The facts, ironically, are that it was under Ronald Reagan and the first Bush administration, that genuine arms control reductions were first achieved. Under the 1987 Intermediate Range Nuclear Forces (INF) and the 1991 Strategic Arms Reduction Talks (START) agreements between the United States and the Soviet Union, the U.S. fundamentally altered the strategic balance in favor of the U.S. and the Western alliance, by cutting Soviet-era nuclear warheads by nearly 10,000.
The START treaty is in marked contrast to previous United States-Soviet agreements, such as the Strategic Arms Limitation Talks, or SALT treaty of 1972 that allowed massive growth in the Soviet nuclear arsenal. Particularly troubling was the SALT treaty acceptance of the Soviets' massive increase from 1972-80 in large, heavy, multiple warhead land-based missiles that the United States perceived as a key threat to strategic stability.
Arms control with Russia is also problematic for other reasons. The Russians have no media and other pressures on their negotiators to "get a deal" or "play fair". Moreover, the Russians always cheat on such deals, and the verification measures in place often turn out to be seriously deficient.
Also, the current Russian nuclear forces are nearing complete modernization, (85% or more will be fully modernized by 2020). In contrast, the United States is just beginning its nuclear modernization effort, which will not be nearing completion until well in to the 2030's, first with the initial deployment of a new bomber in 2027, a new land-based ICBM in 2029 and a new Columbia-class submarine in 2031.

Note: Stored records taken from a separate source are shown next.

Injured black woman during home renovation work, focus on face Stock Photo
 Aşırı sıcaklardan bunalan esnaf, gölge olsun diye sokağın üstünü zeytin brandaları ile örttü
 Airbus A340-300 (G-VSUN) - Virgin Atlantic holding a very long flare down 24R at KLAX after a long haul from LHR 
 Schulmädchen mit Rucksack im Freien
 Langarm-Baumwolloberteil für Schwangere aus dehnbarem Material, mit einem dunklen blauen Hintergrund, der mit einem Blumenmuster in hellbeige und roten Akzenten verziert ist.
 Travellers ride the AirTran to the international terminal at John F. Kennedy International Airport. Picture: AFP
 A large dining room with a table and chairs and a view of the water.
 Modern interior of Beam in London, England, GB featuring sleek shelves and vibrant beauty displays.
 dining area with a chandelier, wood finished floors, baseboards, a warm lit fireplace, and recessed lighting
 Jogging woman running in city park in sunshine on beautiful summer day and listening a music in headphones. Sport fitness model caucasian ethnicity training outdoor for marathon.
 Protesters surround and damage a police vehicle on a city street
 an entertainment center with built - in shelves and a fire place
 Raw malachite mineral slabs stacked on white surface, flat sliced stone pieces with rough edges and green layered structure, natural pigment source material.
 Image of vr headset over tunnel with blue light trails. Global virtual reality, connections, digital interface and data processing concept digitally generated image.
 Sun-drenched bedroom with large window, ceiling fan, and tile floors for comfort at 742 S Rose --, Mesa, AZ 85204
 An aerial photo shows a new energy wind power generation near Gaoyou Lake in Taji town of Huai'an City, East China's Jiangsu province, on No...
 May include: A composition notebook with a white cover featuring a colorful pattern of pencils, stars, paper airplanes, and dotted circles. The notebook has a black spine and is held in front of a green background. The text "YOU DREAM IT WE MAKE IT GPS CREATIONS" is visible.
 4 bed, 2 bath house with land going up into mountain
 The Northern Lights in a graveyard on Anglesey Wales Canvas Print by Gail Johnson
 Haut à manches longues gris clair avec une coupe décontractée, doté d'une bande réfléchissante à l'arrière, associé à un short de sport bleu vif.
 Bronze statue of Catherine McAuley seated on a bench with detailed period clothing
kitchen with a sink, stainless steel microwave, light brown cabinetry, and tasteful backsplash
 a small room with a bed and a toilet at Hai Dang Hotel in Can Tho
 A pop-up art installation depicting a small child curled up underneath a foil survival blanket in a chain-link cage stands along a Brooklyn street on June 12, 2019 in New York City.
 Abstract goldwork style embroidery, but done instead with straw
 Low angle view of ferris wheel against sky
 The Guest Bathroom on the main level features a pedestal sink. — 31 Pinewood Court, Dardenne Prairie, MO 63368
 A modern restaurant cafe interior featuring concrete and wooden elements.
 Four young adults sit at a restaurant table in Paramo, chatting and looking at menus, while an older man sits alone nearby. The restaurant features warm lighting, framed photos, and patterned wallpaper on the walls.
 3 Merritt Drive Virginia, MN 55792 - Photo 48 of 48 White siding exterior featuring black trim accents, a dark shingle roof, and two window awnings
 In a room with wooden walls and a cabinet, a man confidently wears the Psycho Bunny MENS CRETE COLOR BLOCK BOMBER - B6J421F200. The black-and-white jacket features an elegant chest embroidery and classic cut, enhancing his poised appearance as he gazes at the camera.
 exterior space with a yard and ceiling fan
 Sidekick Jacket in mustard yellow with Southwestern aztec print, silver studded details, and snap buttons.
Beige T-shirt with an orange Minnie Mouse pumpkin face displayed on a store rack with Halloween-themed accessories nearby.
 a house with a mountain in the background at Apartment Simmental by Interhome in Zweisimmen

This schedule, furthermore, assumes full, uninterrupted funding and support for these nuclear programs.
So far, the Congress has not only fully funded the nuclear enterprise but has provided additional funding for the modest acceleration of the bomber and land-based missile modernization programs. Should the arms control community get its wish on future strategic arms control, however, we will cut both our land-based missiles and submarines at seas. For example, most of the 400 currently deployed Minuteman land-based ICBMS, (each with just one warhead), would have to be eliminated, or, as some arms control proponents have suggested, half of the United States' planned 12 new submarines would never be built.
Such reductions would be terrible, both for strategic stability and the military balance between the United States and Russia. The U.S. would be dramatically reducing its ability to add warheads to its force structure if Russia broke out of current or future arms agreements. And the U.S. would end up with a seriously deficient force to cover enough of an adversary's targets it would need to hold at risk in order to provide credible deterrence.
In one reasonable calculation, reducing America's overall strategic warheads to 1000 from 1550 would, according to General Stephen Wilson, the USAF Vice Chief of Staff, end up leaving the United States with as few as ten key nuclear targets that , if eliminated, would disarm the United States. That force compares to more than 500 such targets the U.S. maintains in its nuclear forces today.
Finally, whatever merits there may be in favor of more arms control, the evidence is firmly on the side of those saying to slow down and look first. The U.S. needs to begin by understanding what Putin is proposing, why he is doing so now, and whether new arms control discussions actually advance U.S. interests at the present time.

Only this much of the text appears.